Classification: Contract-To-Hire
Contract Length: 6 Months
Position Summary
The Staff MLOps Engineer/Consulting Level is responsible to design, implement, and maintain the infrastructure and tools necessary to support our machine learning workflows on Google Cloud Platform (GCP). This role is firmly collaborative, with an expectation of constant contact, communication, and iteration with data scientists, machine learning engineers, and other stakeholders to ensure efficient and reliable deployment of ML models.

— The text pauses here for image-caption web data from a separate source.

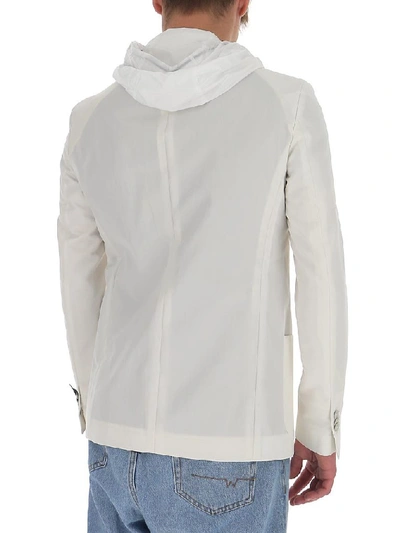 Shop Fendi Slim Fit Hooded Blazer In White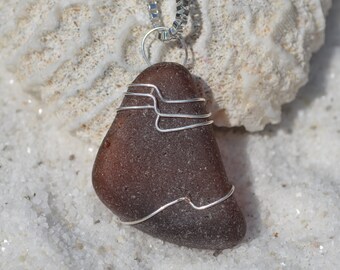 Wire Wrapped Cocoa Brown Sea Glass Necklace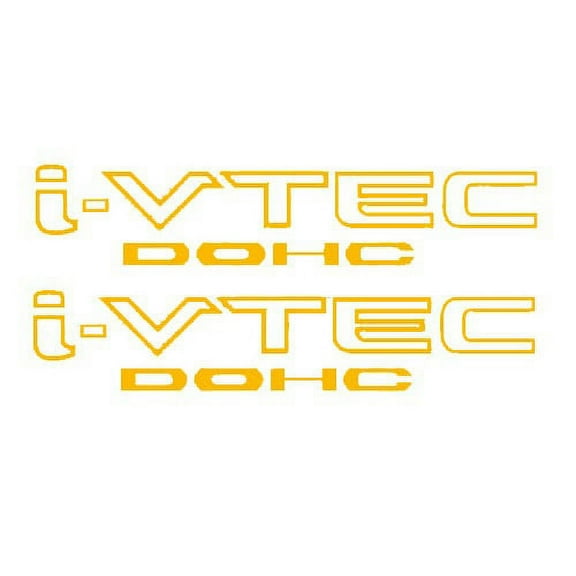 2x Yellow i-VTEC DOHC Vinyl Decal Stickers Emblem Honda Acura ivtec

The ML Ops Engineer must be comfortable and capable of clearly communicating the nature and results of complex infrastructure and deployment processes to both technical and non-technical users in written, spoken, and visual means.
Responsibilities:
- Infrastructure Design and Maintenance: Design, build, and maintain scalable ML infrastructure on GCP.
- Infrastructure as Code: Develop and manage infrastructure as code using Terraform.
- ML Workflow Optimization: Implement and optimize ML workflows using Vertex AI.
- CI/CD Pipelines: Create and maintain CI/CD pipelines using GitHub workflows.
- Collaboration: Work closely with cross-functional teams to understand requirements and deliver solutions.
- System Monitoring and Troubleshooting: Monitor and troubleshoot ML systems to ensure high availability and performance.
- Continuous Learning: Stay up to date with the latest industry trends and best practices in ML Ops and cloud technologies.
Requirements:
- GCP Expertise: Proven experience in ML Ops, with a focus on GCP.
- Terraform Proficiency: Strong proficiency in Terraform for infrastructure as code.
- Vertex AI Experience: Hands-on experience with Vertex AI for ML workflows.
- CI/CD Practices: Expertise in CI/CD practices and tools, particularly GitHub workflows.
- Containerization and Orchestration: Solid understanding of containerization and orchestration technologies (e.g., Docker, Kubernetes).